Octal numbers
(2014,03,31)
Beware: Prefixing a numeric literal in Java means octal base-8 numbers rather than decimal base-10 numbers. Drop that leading zero: (2014,3,31)
Avoid legacy date-time classes
Update for modern Java: Avoid using the terribly flawed date-time classes from the early days of Java. These have been supplanted by the java.time classes built into Java 8+.
java.time
LocalDate
For a date-only value, use java.time.LocalDate class.
LocalDate begin = LocalDate.of( 2014 , 3 , 31 ) ;
ChronoUnit.DAYS
If you just want the number of days between two dates, just use the ChronoUnit.DAYS enum with its convenient between method. Note the result is a long, not int.
long days = ChronoUnit.DAYS.between( begin , end ) ;
Milliseconds
Your Question asked about milliseconds. I suspect that is only because of the feebleness of the legacy classes. But just in case…
ZoneId
To count millisecond, your need the first moment of the day. Determining first moment requires a time zone. The day starts many hours earlier in Tokyo Japan than in Toulouse France, and even more hours later in Toledo Ohio US.

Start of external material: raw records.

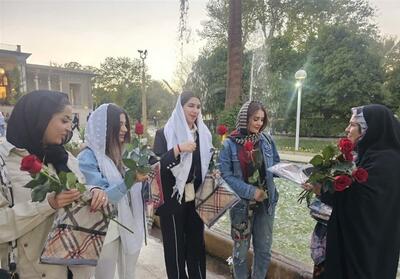 اهدای شاخه گل به بانوان کم‌حجاب در باغ عفیف‌آباد شیراز - تسنیم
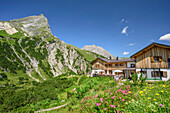 Hut Hanauer Huette with Plattigspitzen in background, hut Hanauer Huette, Lechtal Alps, Tyrol, Austria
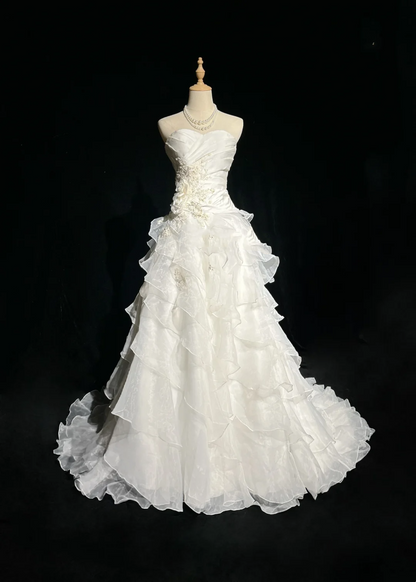 Unique Bridal Gown Ball Gown Strapless Lace Sleeveless White 50s Wedding Dresses Modest Bridal Gowns DH1105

ZoneId z = ZoneId.of( "Asia/Tehran" ) ;
ZonedDateTime
Always let java.time determine the first moment. Never assume the day starts at 00:00. Some days on some dates in some zones start at another time, such as 01:00.

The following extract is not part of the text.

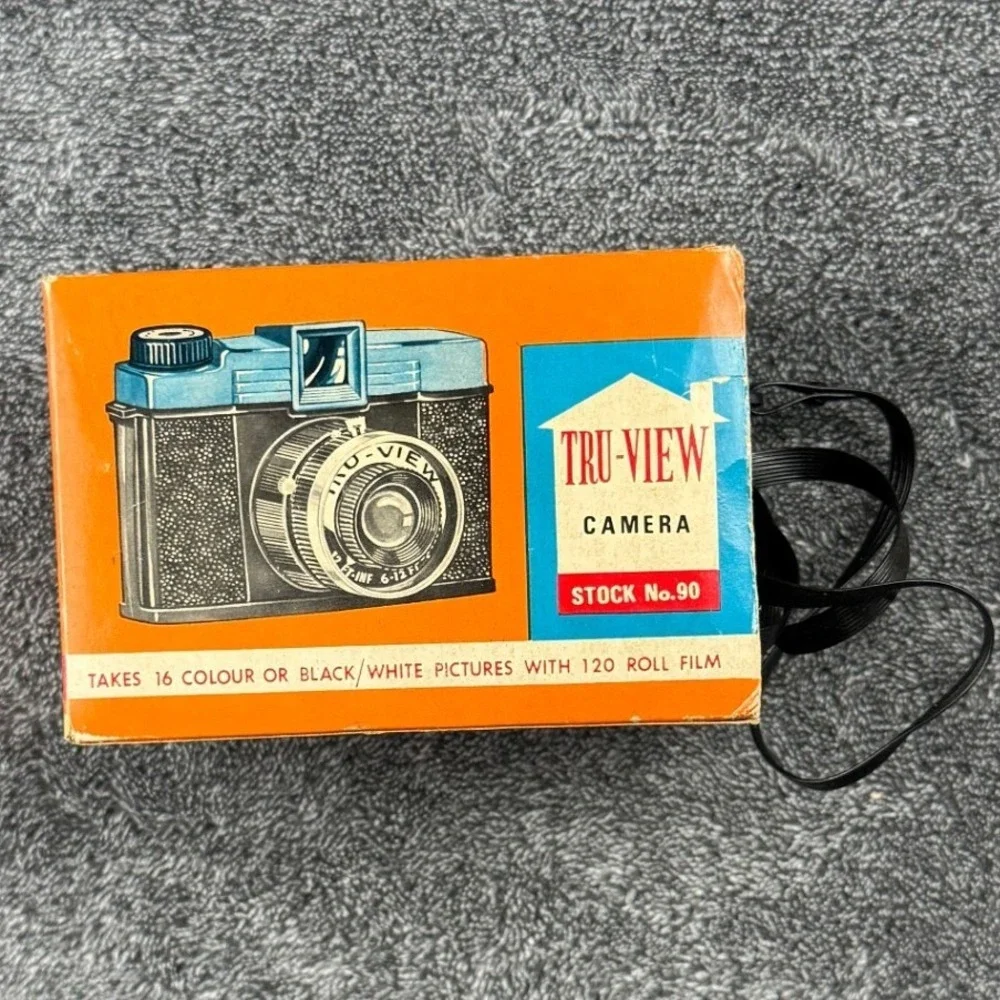 Vintage Tru-View Stock No. 90 Toy Camera 120 Roll Film Blue Black with Box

ZonedDateTime zdtBegin = begin.atStartOfDay( z ) ;
Do the same for the end.
Duration
Calculate the elapsed time on a scale of hours, minutes, seconds, and nanoseconds with the class java.time.Duration.
Duration duration = Duration.between( zdtBegin , zdtEnd ) ;
To get a count of milliseconds while ignoring any microseconds and nanoseconds, call toMillis.